Its very description hints that it is a great tool to compute all sorts of aggregates on a collection, like sum, max etc. Yeah, scala collections actually provide all these functions, but they serve as a good example use case.
On the specifics of your question, let me point out that this can be easily done using groupBy:
def times(l: List[Char]) = l.groupBy(c => c).mapValues(_.size).toList
times(List('a','b','a')) // outputs List[(Char, Int)] = List((b,1), (a,2))
.groupBy(c => c) gives you Map[Char,List[Char]] = Map(b -> List(b), a -> List(a, a))
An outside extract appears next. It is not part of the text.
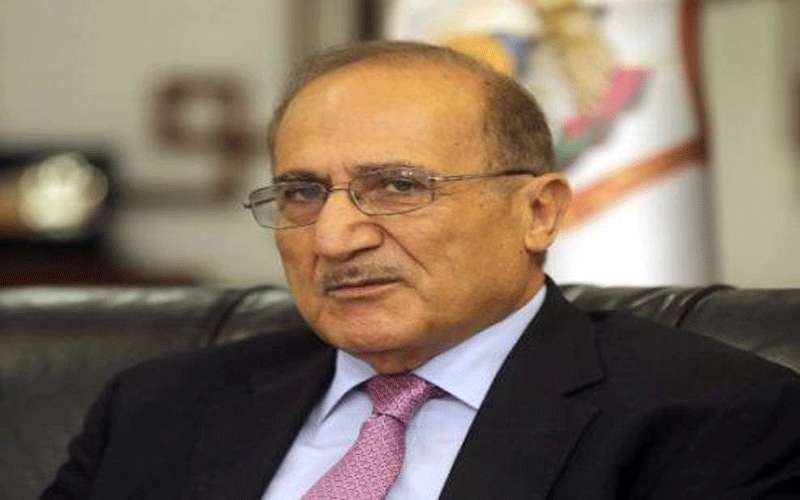 العناني: نحتاج أحكاما عرفية لمدة سنتين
Then we use .mapValues(_.size) to map the values of the map to the size of the grouped sub-collections: Map[Char,Int] = Map(b -> 1, a -> 2).
Finally, you convert the map to a list of key-value tuples with .toList to get the final result.
Lastly, if you don't care about the order of the output list as you said, then leaving the output as a Map[Char,Int] conveys better this decision (instead of converting it to a list).